AI is rewriting the rules of creativity. What does that mean for human imagination?
- From pop music to painting, the rise of artificial intelligence and machine learning is changing the way people create. But that’s not necessarily a good thing
For the first time in human history, we can give machines a simple written or spoken prompt and they will produce original creative artefacts – poetry, prose, illustration, music – with infinite variation. With disarming ease, we can hitch our imagination to computers, and they can do all the heavy lifting to turn ideas into art.
This machined artistry is essentially mindless – a dizzying feat of predictive, data-driven misdirection, a kind of hallucination – but the trickery works, and it is about to saturate every aspect of our lives.

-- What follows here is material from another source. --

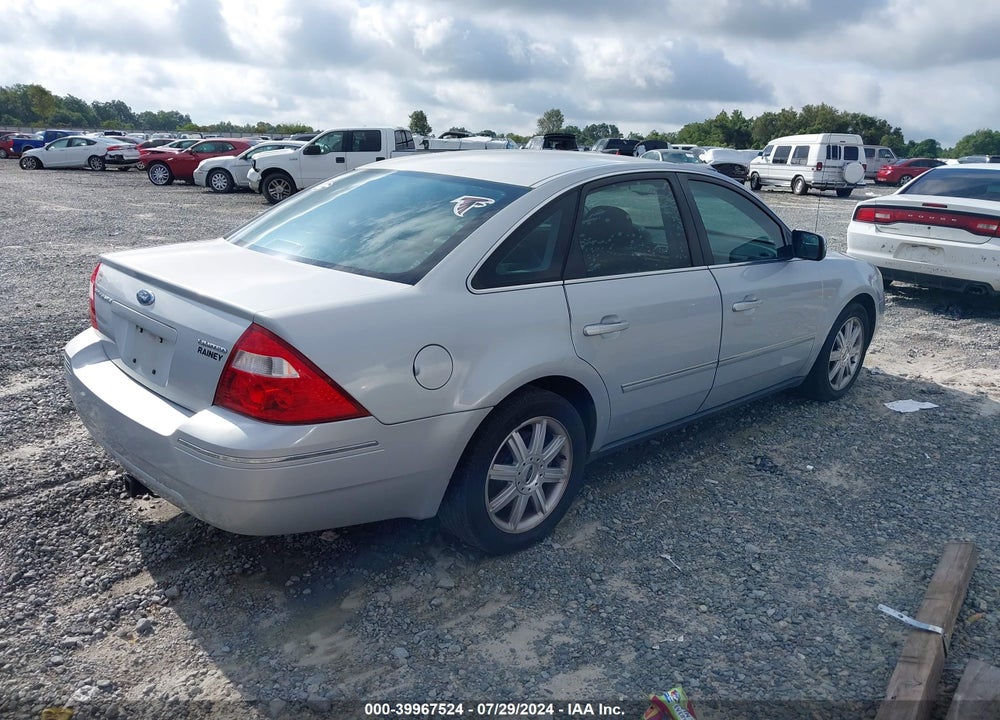 2005 FORD FIVE HUNDRED LIMITED VIN: 1FAFP25125G135777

The faux intelligence of these new artificial intelligence (AI) systems, called large language models (LLMs), appears to be benign and assistive, and the marvels of manufactured creativity will become mundane, as our AI-assisted dreams take place alongside our likes and preferences in the vast data mines of cyberspace.
The creative powers of machine learning have appeared with blinding speed, and have both beggared belief and divided opinion in roughly equal measure.
If you want an illustration of pretty much anything you can imagine and you possess no artistic gifts, you can summon a bespoke visual gallery as easily as ordering a meal from a food delivery app, and considerably faster.
A simple prompt, which can be fine-tuned to satisfy the demands of your imagination, will produce digital art that was once the domain of exceptional human talent.